> **EXERCISE INPUTS**

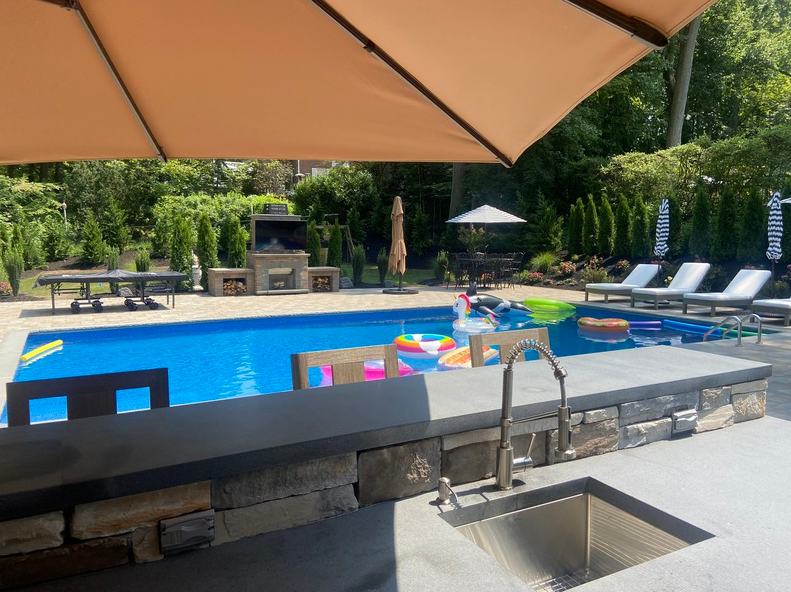 Backyard pool with umbrella, bar, lounge chairs, and grill. Bright blue water.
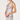 A woman modeling a light silver satin halter mini dress with a draped neckline, lace trim at the hem, and a tie detail at the shoulder, set against a plain light gray studio background.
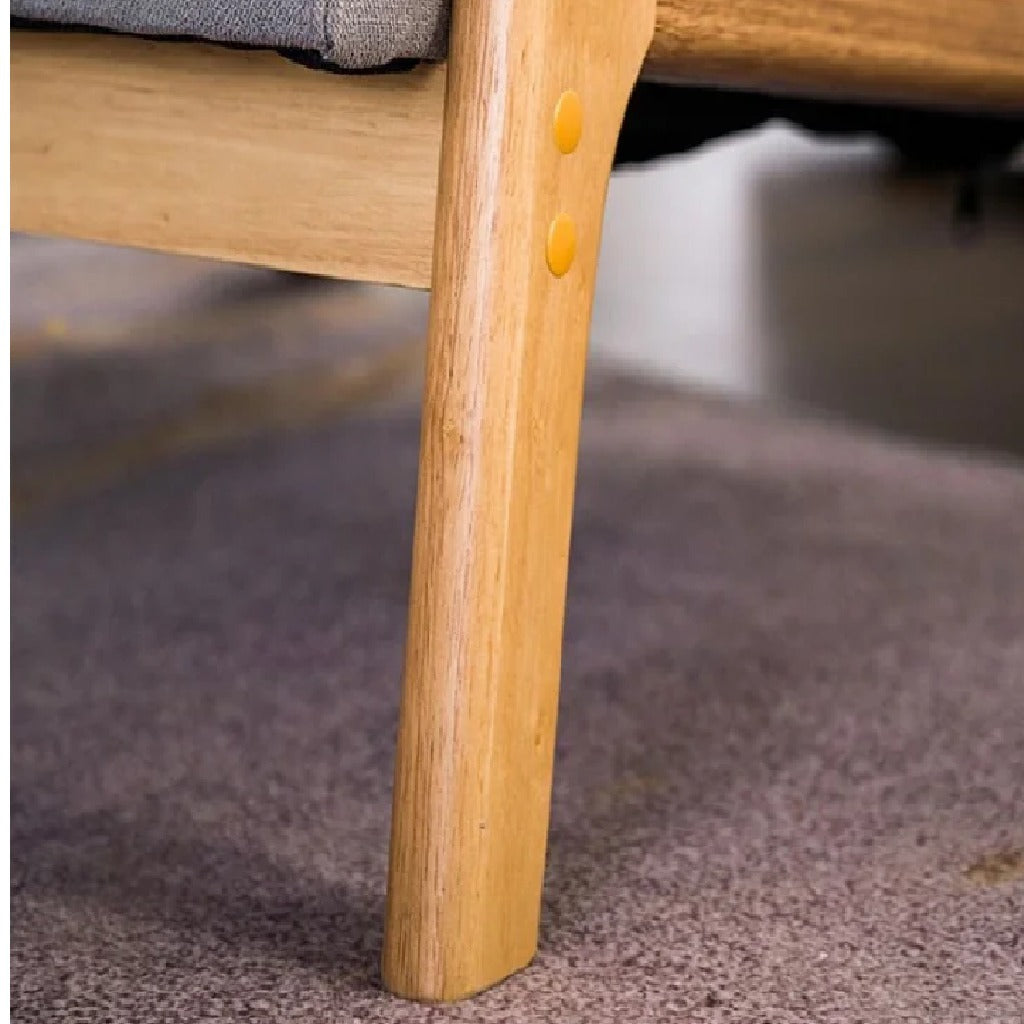 Close-up of a wooden chair leg with a blurred background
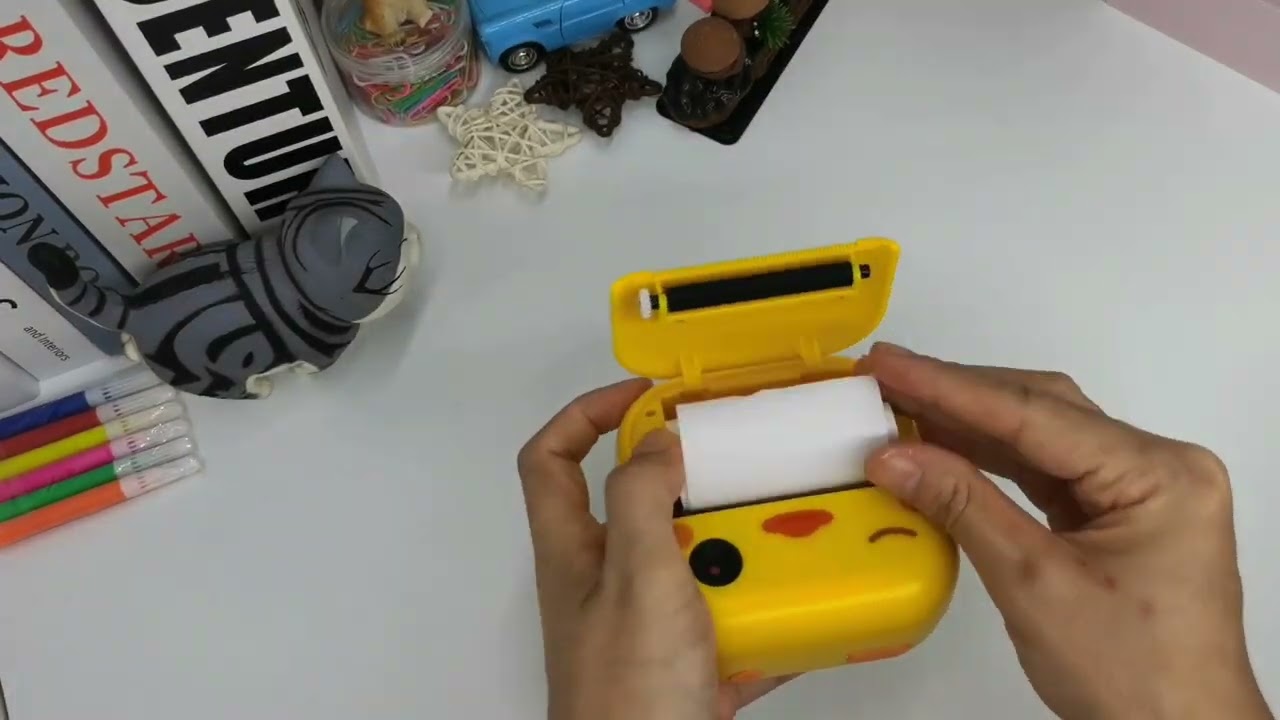 How do You Load Paper into A Kds Camera Printer?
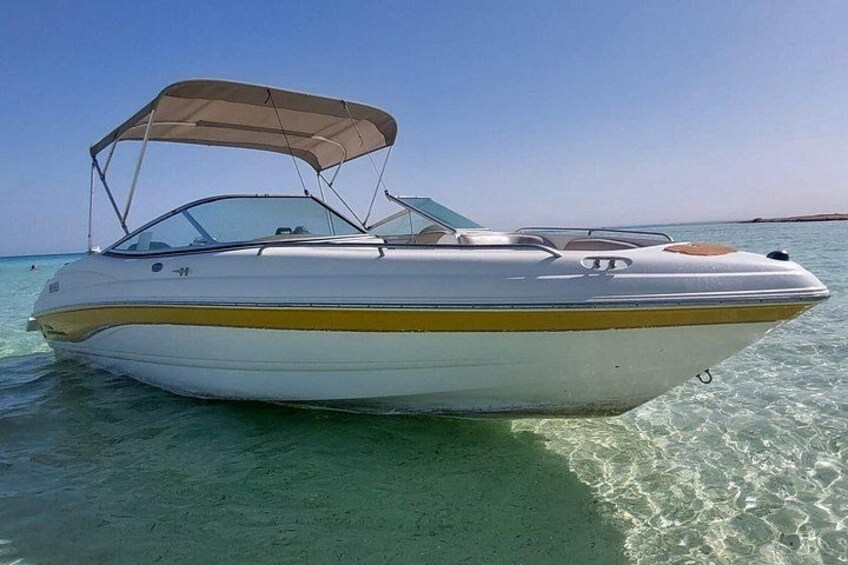 A speedboat with a canopy, floating on clear water. 5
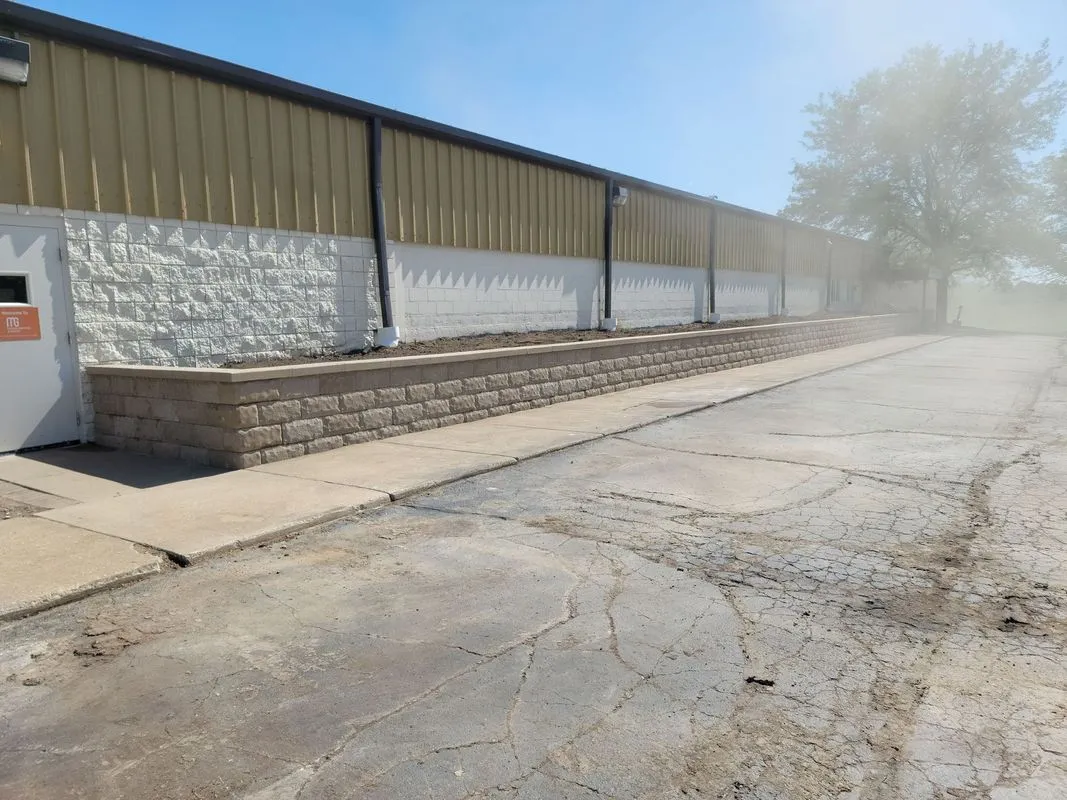 Hardscape installation project with pavers, patios and retaining walls by KBK Landscaping (photo 11)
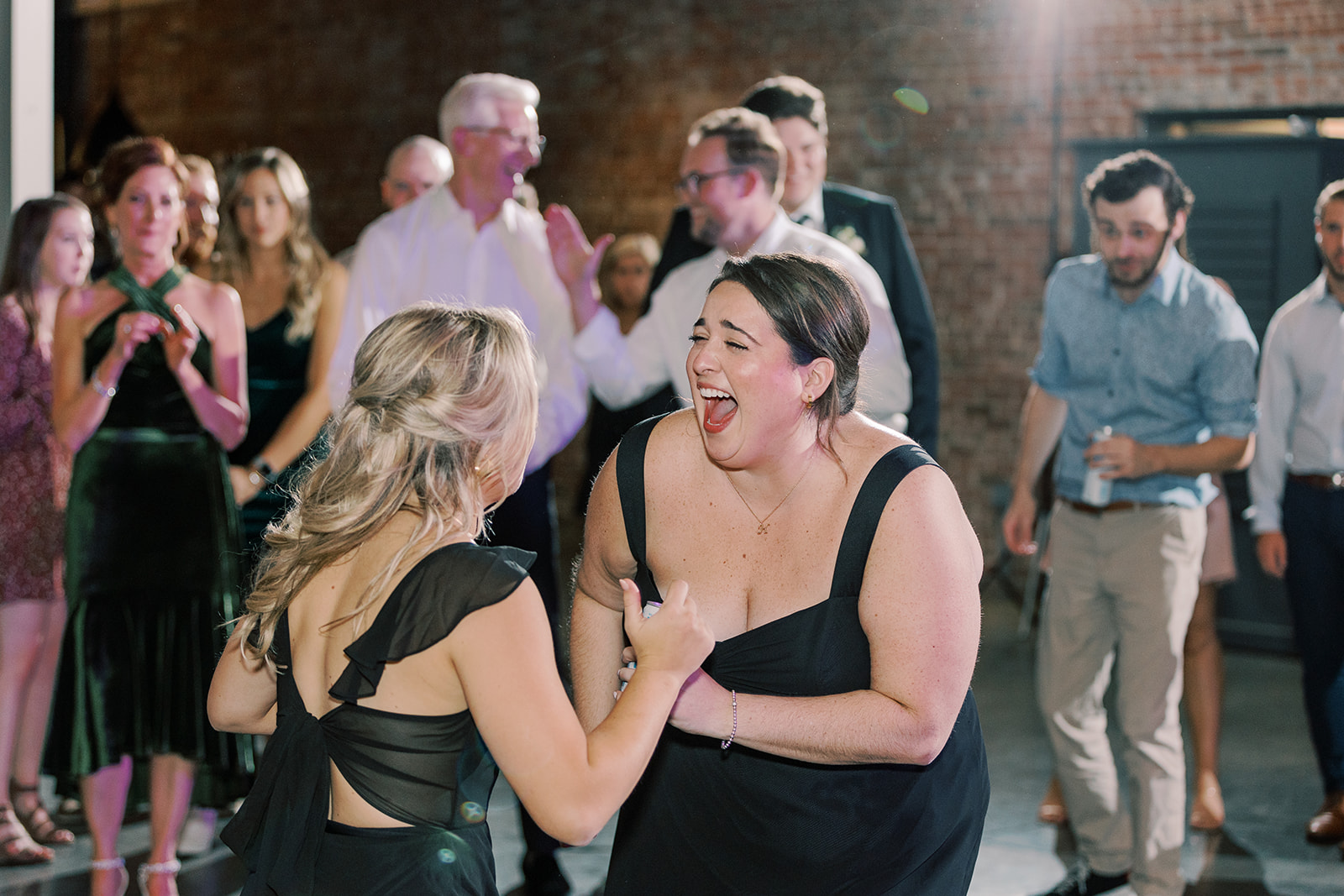Bridesmaids screaming in delight while dancing during wedding celebration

> **ASSIGNMENT**
Please give again, exactly and only, the lines from the top of the listing above through the line that has "A woman modeling", with pictures left out.

> **EXERCISE SOLUTION**
 Backyard pool with umbrella, bar, lounge chairs, and grill. Bright blue water.
 A woman modeling a light silver satin halter mini dress with a draped neckline, lace trim at the hem, and a tie detail at the shoulder, set against a plain light gray studio background.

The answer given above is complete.